Corrections Officer, Two Others Charged In Smuggling Operation At Cook County Jail
(CBS) -- A two-year employee of the Cook County Sheriff's Office and two others have been charged in a contraband smuggling operation at County Jail.
37-year-old corrections officer Jermaine Hoskins is charged with official misconduct for allegedly trying to smuggle an ounce of marijuana into the jail to a detainee who was allegedly planning to sell it to other prisoners.
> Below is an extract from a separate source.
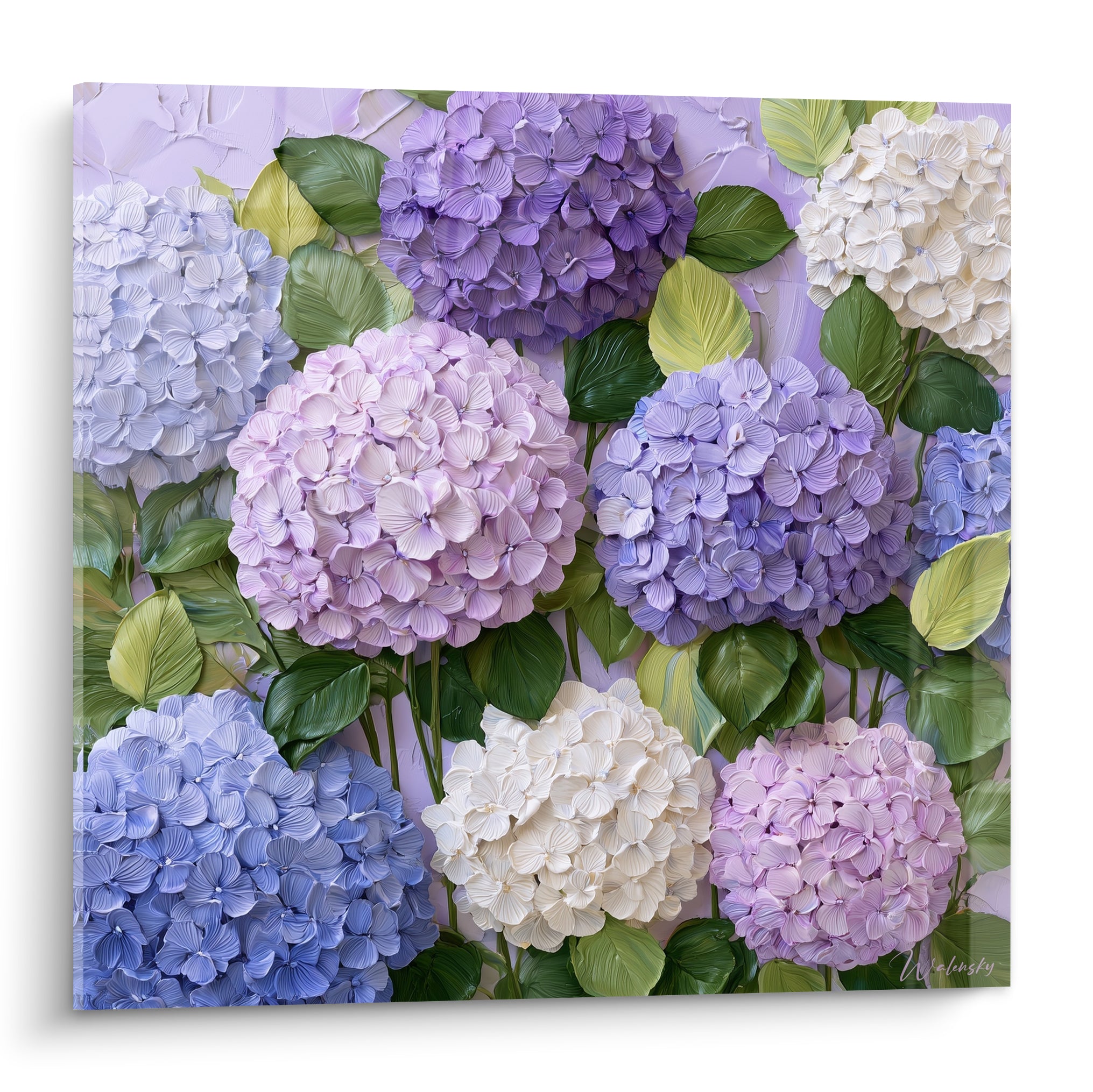 Hortensia en relief bleu, violet et blanc, pétales sculptés et feuillage vert dense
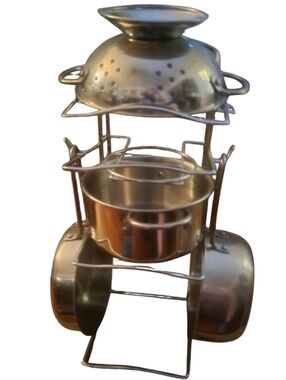 Melissa & Doug Pretend Stainless Steel Pots & Pans Play Set of 5, Children 3+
Corrections Officer Charged In Smuggling Operation At Cook County Jail
Cook County Sheriff Tom Dart says also arrested were 41-year-old Taveda Driver, who allegedly supplied Hoskins with the pot and 33-year old detainee Lawrence Pope, who is in the jail awaiting trial on aggravated domestic battery allegations.
Dart says Hoskins has admitted smuggling illegal items such as drugs, tobacco and cellphones at other times into the jail, as well.
Hoskins was arrested Friday when he arrived at the jail.
Sheriff Dart says the charges are the result of a two-month investigation involving the FBI.
The sheriff says 1-oz. of marijuana may not seem like a lot, but that inside the jail walls, it can be worth "thousands of dollars".
Also confiscated from the corrections officer, Dart says, was a toothpaste tube cap which is usually used to measure marijuana being sold among detainees.
Dart says the arrest is "quite upsetting" to him because of how much money and effort is spent on screening potential candidates to be corrections officers.
He says he's had staffers review the screening for Hoskins but that, "nothing has jumped out at us so far."